## INSTRUCTIONS FOR THE TASK:
Below are the entries to retype; reproduce each one exactly.

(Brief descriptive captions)

========

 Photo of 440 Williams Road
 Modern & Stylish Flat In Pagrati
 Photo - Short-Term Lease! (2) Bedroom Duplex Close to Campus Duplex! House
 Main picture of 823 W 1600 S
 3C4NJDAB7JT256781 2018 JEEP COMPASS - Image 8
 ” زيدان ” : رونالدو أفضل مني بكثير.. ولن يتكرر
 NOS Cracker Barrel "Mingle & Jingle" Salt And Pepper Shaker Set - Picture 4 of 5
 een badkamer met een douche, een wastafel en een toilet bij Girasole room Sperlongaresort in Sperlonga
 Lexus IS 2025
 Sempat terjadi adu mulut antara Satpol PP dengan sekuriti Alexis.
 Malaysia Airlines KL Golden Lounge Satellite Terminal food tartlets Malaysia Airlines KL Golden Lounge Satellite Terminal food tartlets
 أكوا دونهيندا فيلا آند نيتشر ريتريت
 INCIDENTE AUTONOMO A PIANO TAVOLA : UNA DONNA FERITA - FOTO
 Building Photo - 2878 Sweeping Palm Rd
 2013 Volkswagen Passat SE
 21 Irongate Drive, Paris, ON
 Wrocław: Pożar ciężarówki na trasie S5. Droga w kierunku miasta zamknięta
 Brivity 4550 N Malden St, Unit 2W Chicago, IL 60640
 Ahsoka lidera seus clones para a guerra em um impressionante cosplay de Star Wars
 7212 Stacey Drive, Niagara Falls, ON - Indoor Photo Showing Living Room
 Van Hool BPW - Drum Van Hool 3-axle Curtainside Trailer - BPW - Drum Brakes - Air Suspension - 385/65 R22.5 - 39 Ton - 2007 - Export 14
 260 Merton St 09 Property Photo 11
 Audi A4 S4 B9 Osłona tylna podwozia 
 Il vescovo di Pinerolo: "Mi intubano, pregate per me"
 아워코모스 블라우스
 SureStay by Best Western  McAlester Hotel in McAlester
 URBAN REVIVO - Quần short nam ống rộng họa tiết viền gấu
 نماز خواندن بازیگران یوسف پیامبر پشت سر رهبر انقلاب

========

## RESPONSE AREA:
 Photo of 440 Williams Road
 Modern & Stylish Flat In Pagrati
 Photo - Short-Term Lease! (2) Bedroom Duplex Close to Campus Duplex! House
 Main picture of 823 W 1600 S
 3C4NJDAB7JT256781 2018 JEEP COMPASS - Image 8
 ” زيدان ” : رونالدو أفضل مني بكثير.. ولن يتكرر
 NOS Cracker Barrel "Mingle & Jingle" Salt And Pepper Shaker Set - Picture 4 of 5
 een badkamer met een douche, een wastafel en een toilet bij Girasole room Sperlongaresort in Sperlonga
 Lexus IS 2025
 Sempat terjadi adu mulut antara Satpol PP dengan sekuriti Alexis.
 Malaysia Airlines KL Golden Lounge Satellite Terminal food tartlets Malaysia Airlines KL Golden Lounge Satellite Terminal food tartlets
 أكوا دونهيندا فيلا آند نيتشر ريتريت
 INCIDENTE AUTONOMO A PIANO TAVOLA : UNA DONNA FERITA - FOTO
 Building Photo - 2878 Sweeping Palm Rd
 2013 Volkswagen Passat SE
 21 Irongate Drive, Paris, ON
 Wrocław: Pożar ciężarówki na trasie S5. Droga w kierunku miasta zamknięta
 Brivity 4550 N Malden St, Unit 2W Chicago, IL 60640
 Ahsoka lidera seus clones para a guerra em um impressionante cosplay de Star Wars
 7212 Stacey Drive, Niagara Falls, ON - Indoor Photo Showing Living Room
 Van Hool BPW - Drum Van Hool 3-axle Curtainside Trailer - BPW - Drum Brakes - Air Suspension - 385/65 R22.5 - 39 Ton - 2007 - Export 14
 260 Merton St 09 Property Photo 11
 Audi A4 S4 B9 Osłona tylna podwozia 
 Il vescovo di Pinerolo: "Mi intubano, pregate per me"
 아워코모스 블라우스
 SureStay by Best Western  McAlester Hotel in McAlester
 URBAN REVIVO - Quần short nam ống rộng họa tiết viền gấu
 نماز خواندن بازیگران یوسف پیامبر پشت سر رهبر انقلاب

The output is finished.